La vida de Benito Quinquela Martín es una leyenda. Fue abandonado el 21 de marzo de 1890 en la Casa de Niños Expósitos, Casa Cuna, y allí se fijó su fecha de nacimiento por aproximación: el 1 de marzo. Ese día festejaría su cumpleaños hasta el final de su existencia. En ese orfanato viviría su primera infancia.

A los ocho años llegó a su vida el matrimonio Chinchella. Su padre adoptivo, Manuel, era genovés y criado en Olavarría. Su madre adoptiva, Justina Molina, entrerriana, de Gualeguaychú y de ascendencia indígena. Tenían una carbonería muy modesta.

Benito cursó dos años de escuela primaria y empezó a trabajar como colaborador en la carbonería. De adolescente ayudó a su padre en el puerto, como estibador. «Los estibadores fueron el sujeto omnipresente en su pintura, un universo que conocía muy de adentro, como era esa esperanza del trabajo y también el duro padecimiento que significaba».

Enamorado de La Boca

El barrio de La Boca significó un especial deslumbramiento para Benito. La Boca era una babel, no solamente por la mezcla de lenguas, sino por la multiplicidad de culturas. Había italianos, japoneses, chinos, uruguayos, yugoslavos, griegos, turcos, negros.

Ese incesante trajín del trabajo del puerto, un paisaje que no se parecía a ningún otro de la ciudad de Buenos Aires, el paisaje del río, los entornos más agrestes de la Isla Maciel y de algunas partes de La Boca, la arquitectura boquense, el colorido de esa arquitectura, originó el eterno romance entre La Boca y Quinquela.

Sus inicios en el arte

En ese barrio variopinto la cultura era parte de la vida cotidiana. Era natural la presencia de artesanos, tallistas y escultores. El ejercicio del arte era cosa de todos los días. Benito, en tanto que repartía su tiempo entre la carbonería y el trabajo en el puerto, garabateaba, ensayaba, algunos dibujos, con el carbón de la carbonería, como el mismo va a reconocer, “con una ignorancia enciclopédica”.

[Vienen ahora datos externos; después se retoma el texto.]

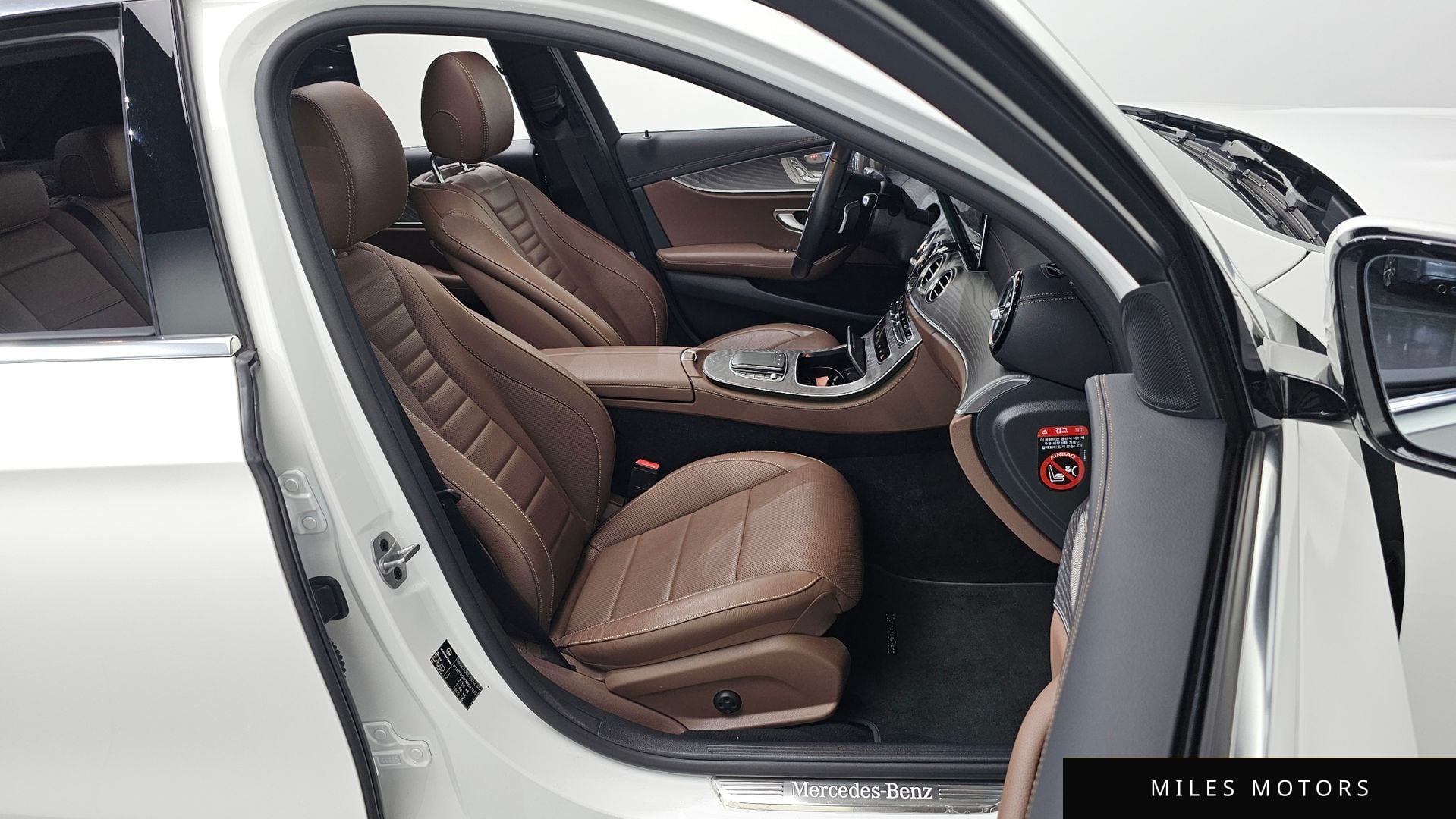 Mercedes-Benz E-Class W213 2022 — миниатюра 12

El primer pincel que tomó en su vida fue a los 14 años, en 1904, cuando participó para ganarse unos pesos en la campaña que llevó a Alfredo Palacios a ser el primer diputado socialista de América Latina.

Su vocación se afirmó con el ingreso a la academia Pezzini-Stiatessi, una de las tantas instituciones proletarias del barrio. Allí se enseñaban diversas disciplinas, entre ellas dibujo y pintura, y allí adoptó al único maestro que iba a tener en la vida: Alfredo Lázari. Con él empieza la orientación definitiva de la vocación de Quinquela.